## TASK INSTRUCTIONS
In the data below, repeat the line containing "Embroidered 'Winter Camper" and every following line exactly, up to and including the last line. Exclude pictures.

## GIVEN MATERIAL

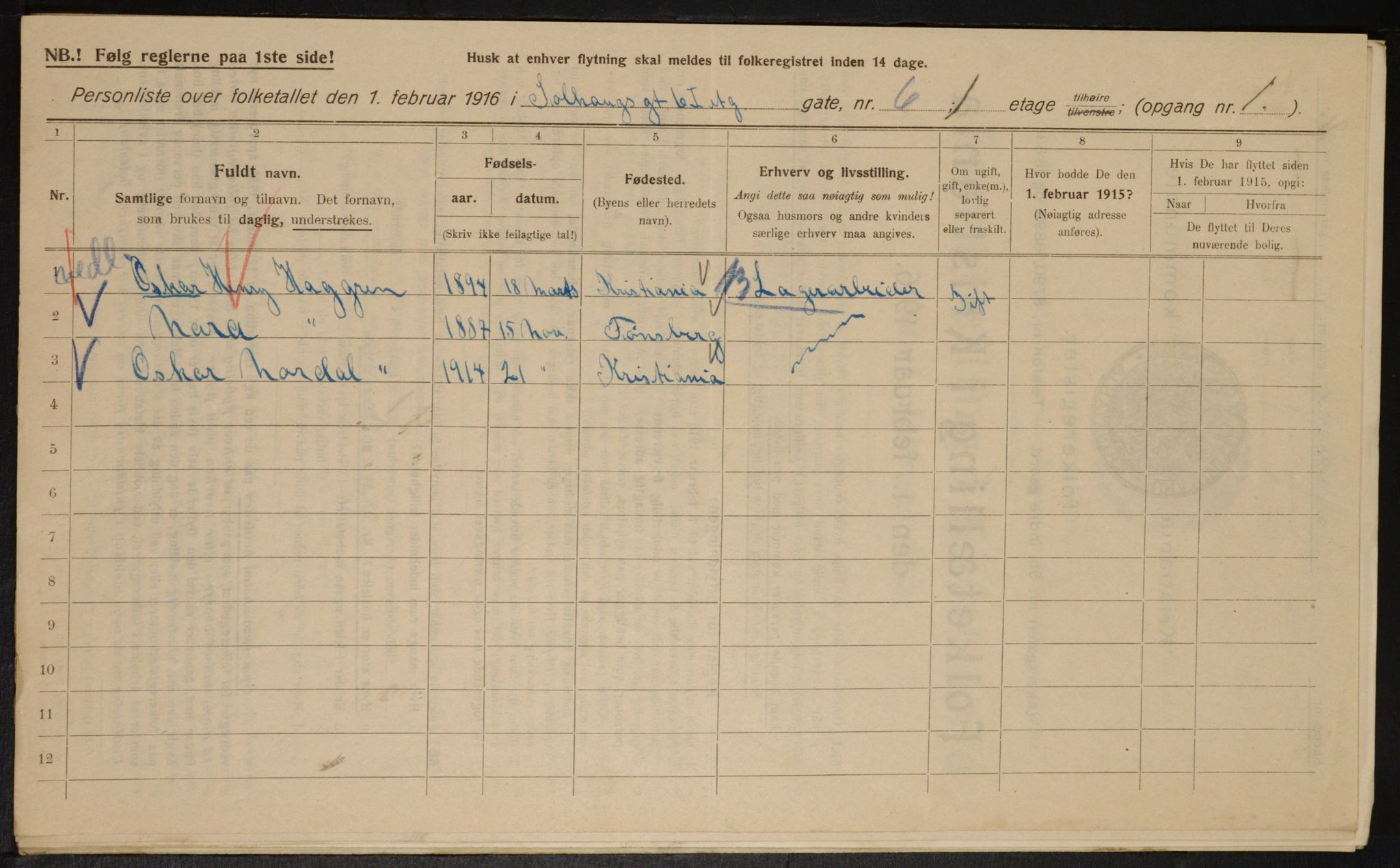 OBA, Municipal Census 1916 for Kristiania, 1916, p. 101915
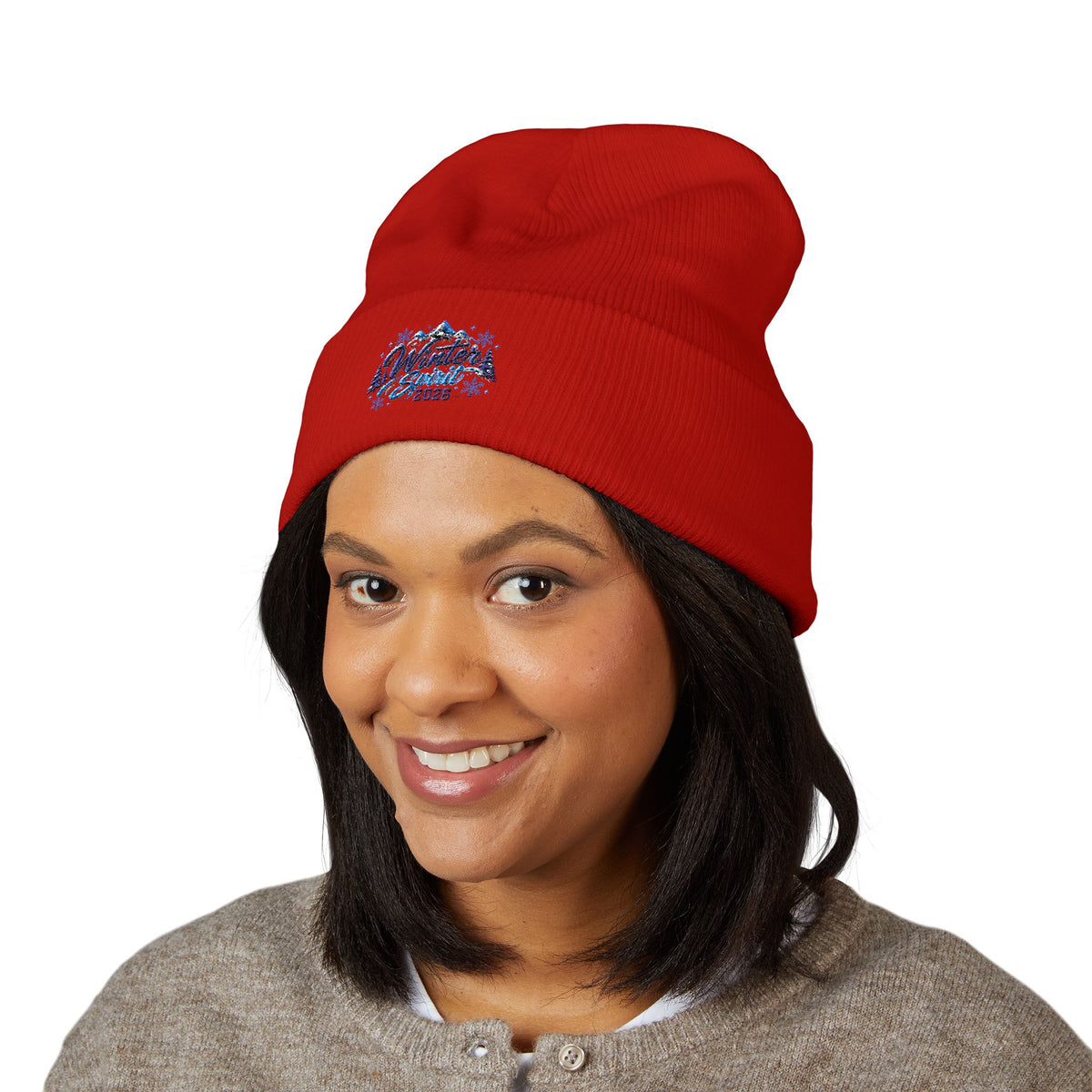 Embroidered 'Winter Camper 2026' Cuffed Beanie – Cozy Outdoor Skiing & Camping Hat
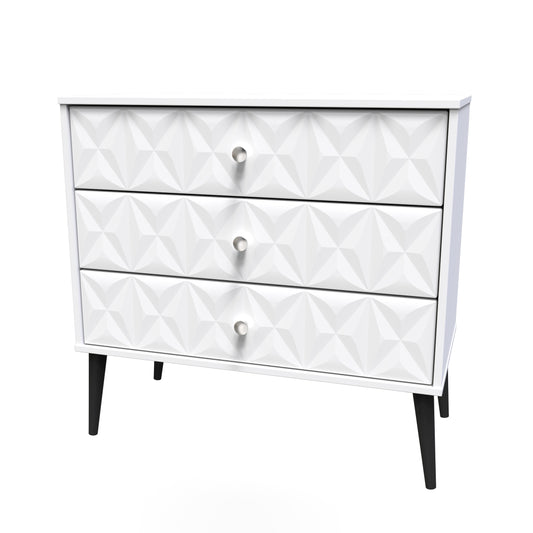 Pixel 3 Drawer Chest in White Matt 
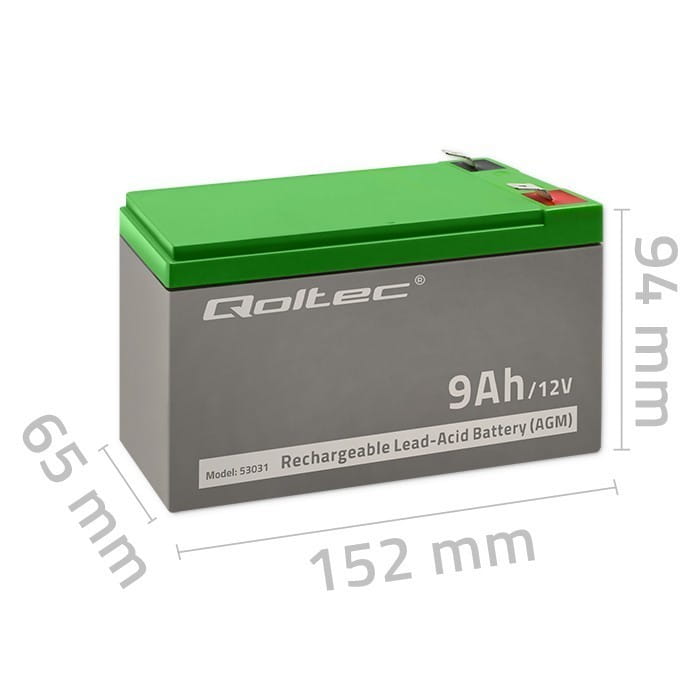 Qoltec Akumulator żelowy | 12V | 9Ah | max.90A | AGM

## REPLY
 Embroidered 'Winter Camper 2026' Cuffed Beanie – Cozy Outdoor Skiing & Camping Hat
 Pixel 3 Drawer Chest in White Matt 
 Qoltec Akumulator żelowy | 12V | 9Ah | max.90A | AGM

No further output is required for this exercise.